▶ Exercise instructions
Below is a listing with pictures in it; transcribe exactly the lines from the one that has "VAUXHALL ASTRA" through the one that has "谁懂啊！这组草坪婚纱照直接美到心巴上了", and omit those pictures.

▶ Dataset excerpts

═══

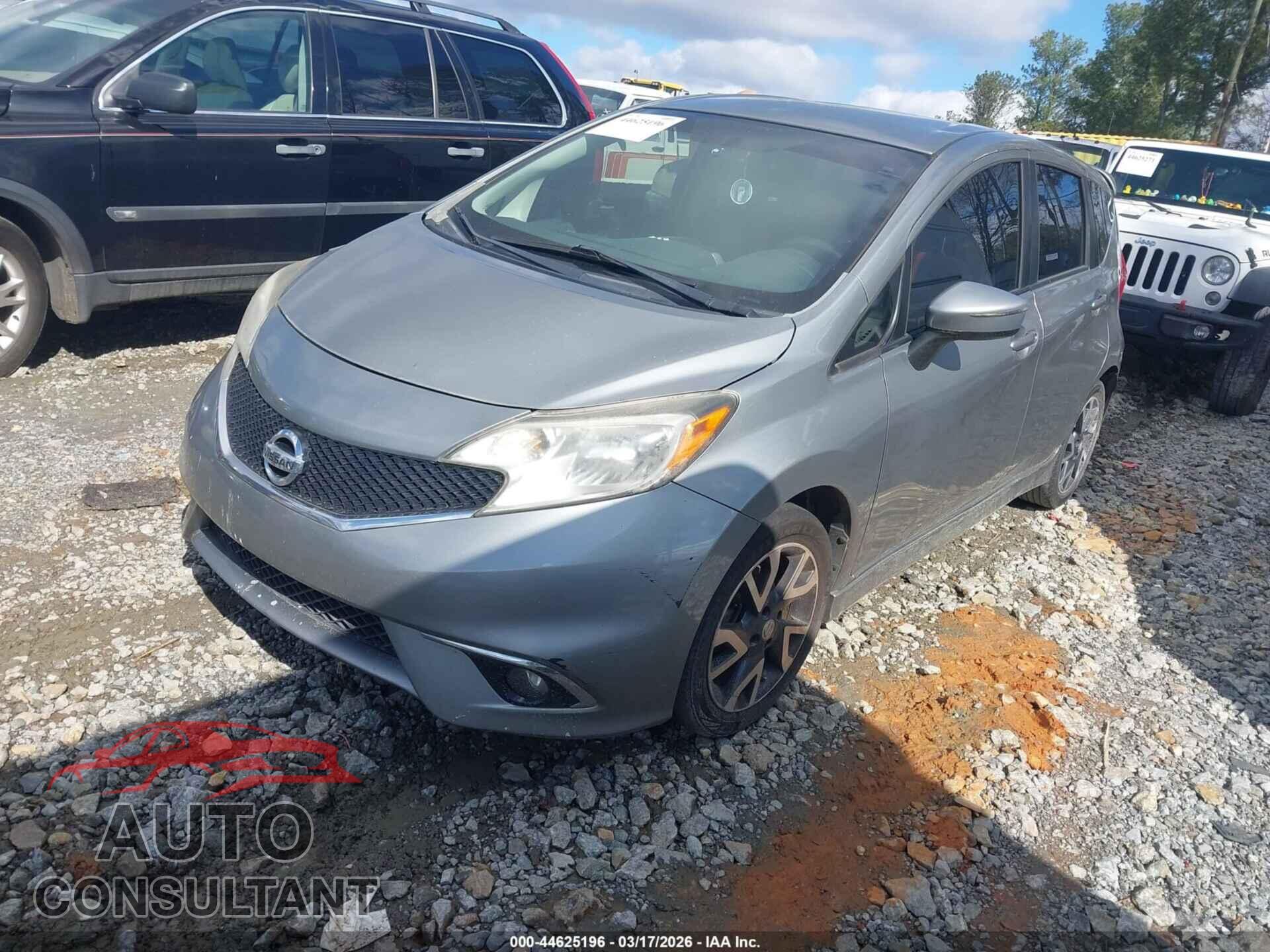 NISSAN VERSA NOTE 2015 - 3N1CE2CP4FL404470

═══

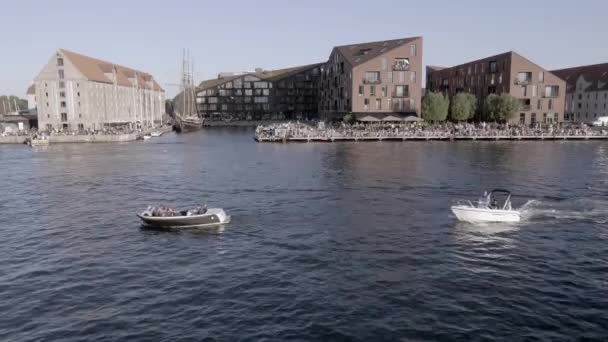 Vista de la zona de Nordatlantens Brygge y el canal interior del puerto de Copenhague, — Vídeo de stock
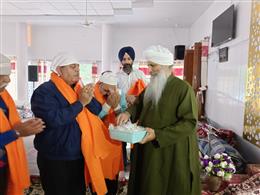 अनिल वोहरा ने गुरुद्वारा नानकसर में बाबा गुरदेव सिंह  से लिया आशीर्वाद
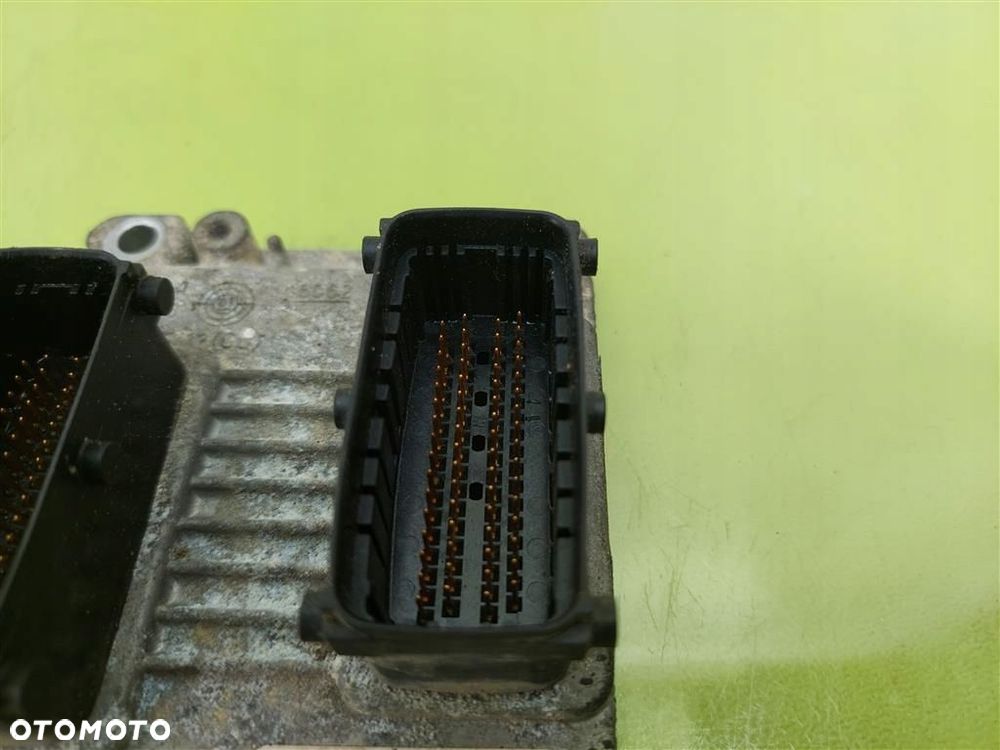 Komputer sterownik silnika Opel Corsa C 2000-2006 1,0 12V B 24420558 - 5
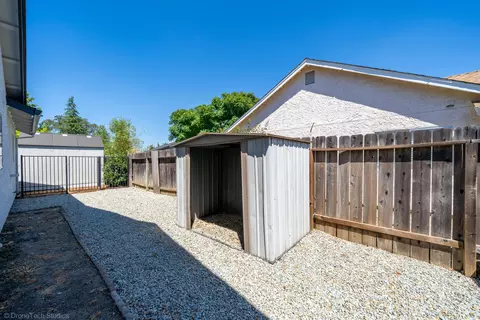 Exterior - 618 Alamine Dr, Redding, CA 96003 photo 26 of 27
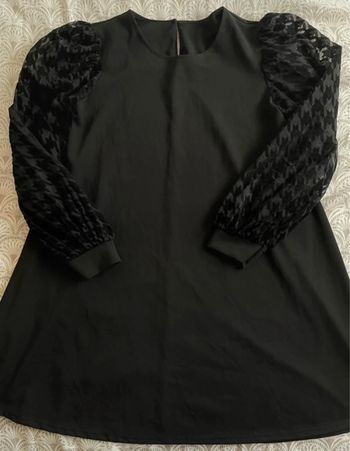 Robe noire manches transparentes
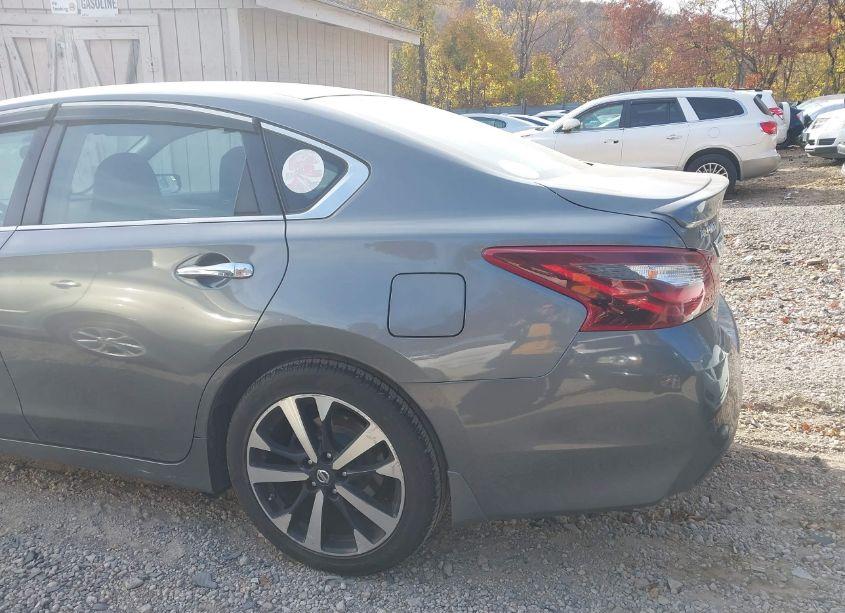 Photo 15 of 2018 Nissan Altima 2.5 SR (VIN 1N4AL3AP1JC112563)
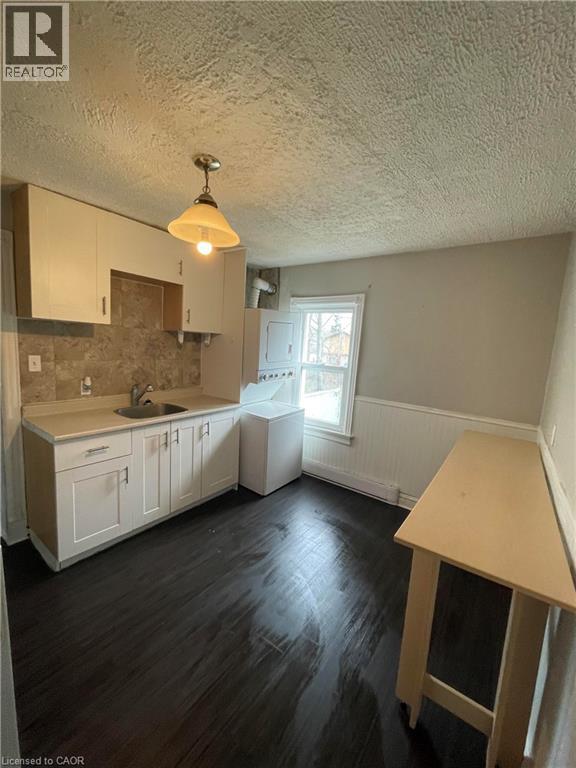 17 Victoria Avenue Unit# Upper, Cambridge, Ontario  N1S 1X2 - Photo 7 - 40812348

═══

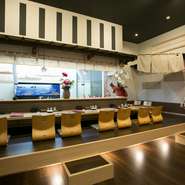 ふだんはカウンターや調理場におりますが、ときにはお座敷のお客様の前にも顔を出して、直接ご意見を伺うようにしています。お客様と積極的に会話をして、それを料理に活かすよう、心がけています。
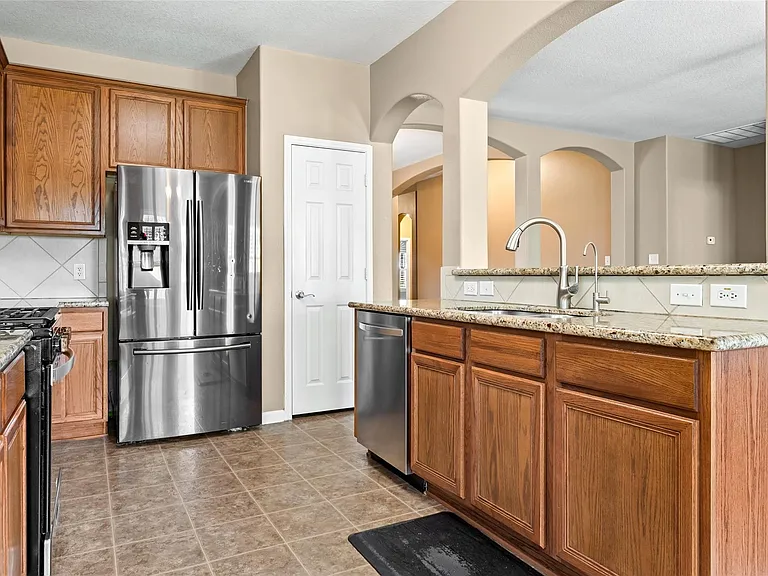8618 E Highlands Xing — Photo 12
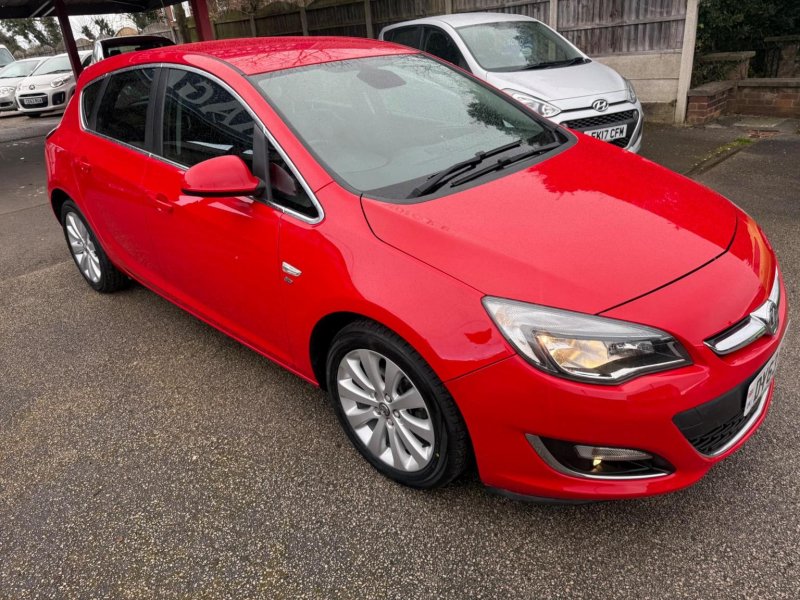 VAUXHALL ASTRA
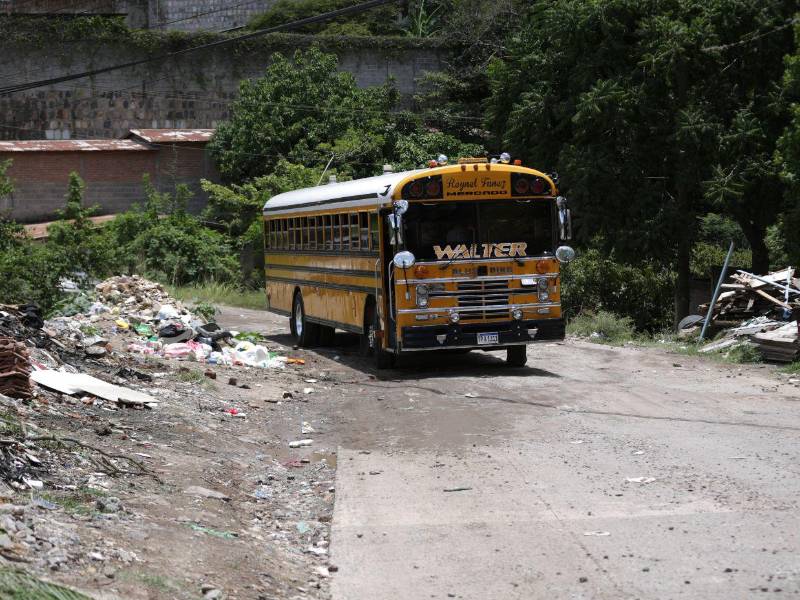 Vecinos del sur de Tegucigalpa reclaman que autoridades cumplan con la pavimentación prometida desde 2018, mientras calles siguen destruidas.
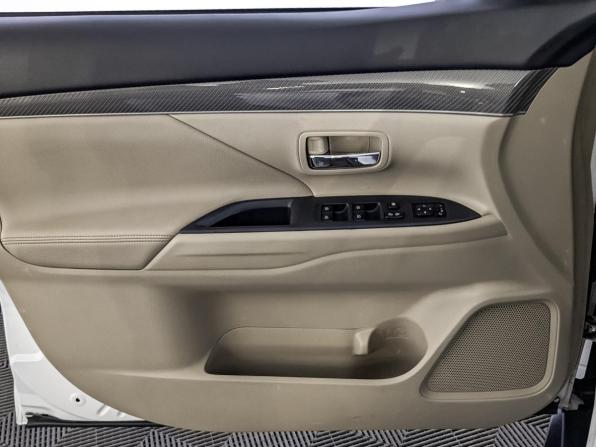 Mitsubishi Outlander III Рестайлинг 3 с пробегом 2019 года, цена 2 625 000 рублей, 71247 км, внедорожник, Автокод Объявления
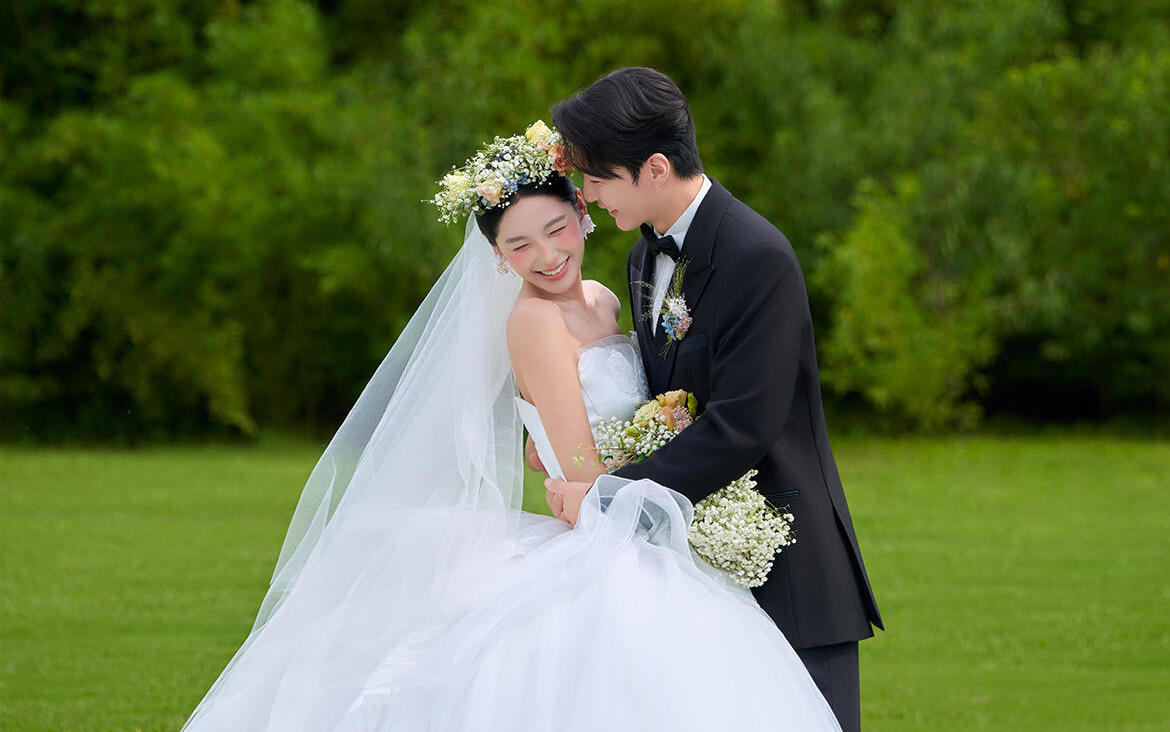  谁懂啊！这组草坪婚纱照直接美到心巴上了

═══

▶ Exercise solution
 VAUXHALL ASTRA
 Vecinos del sur de Tegucigalpa reclaman que autoridades cumplan con la pavimentación prometida desde 2018, mientras calles siguen destruidas.
 Mitsubishi Outlander III Рестайлинг 3 с пробегом 2019 года, цена 2 625 000 рублей, 71247 км, внедорожник, Автокод Объявления
  谁懂啊！这组草坪婚纱照直接美到心巴上了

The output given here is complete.